Series Scope and Content Summary

From the Series:

The contents in this series document the activism of the Santa Clara Center for Occupational Health (SCCOSH) through various campaigns in the fields of worker's rights advocacy and occupational safety and health training, particularly within the region's electronics industries. At the group's outset, SCCOSH envisioned itself as representing three constituencies: local labor unions and labor councils, ill and injured workers, and community residents who had been affected by the wildfire industrial development of the Santa Clara Valley since the mid-1970s. One of the group's earliest organizing efforts was a breast cancer screening program for workers working with the industrial solvent trichloroethylene (TCE), which led to the successful "Campaign to Ban TCE" in 1981 and 1982. The TCE campaign used two strategies, pressuring employers directly and litigating through state and federal regulatory agencies, both of which became common elements in later SCCOSH programs. Other formative SCCOSH projects include a telephone worker's consultation service, the Hazard Hotline, managed under the project banner of Electronics Committee on Occupational Safety and Health (ECOSH), and a legal consultation and political activism network, Injured Workers United (IWU), formed in 1983 for electronics workers disabled by chemical exposure.

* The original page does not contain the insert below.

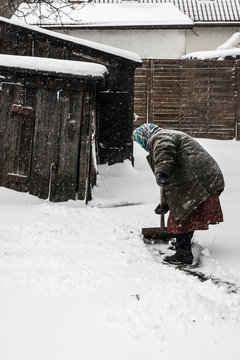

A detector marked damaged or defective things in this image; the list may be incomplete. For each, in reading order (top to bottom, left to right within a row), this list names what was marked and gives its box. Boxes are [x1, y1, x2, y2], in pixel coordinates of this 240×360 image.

The Campaign to End the Miscarriage of Justice (CEMJ) CEMJ was launched after the Semiconductor Industry Association and IBM released epidemiological studies finding that the likelihood of miscarriage increased after exposure to glycol ethers during the semiconductor production process. The CEMJ campaign was designed to pressure electronics manufacturers into eliminating certain widely used chemical solvents, including ethylene-based glycol ethers, which occupational health studies linked to increased miscarriages and other reproductive problems among workers.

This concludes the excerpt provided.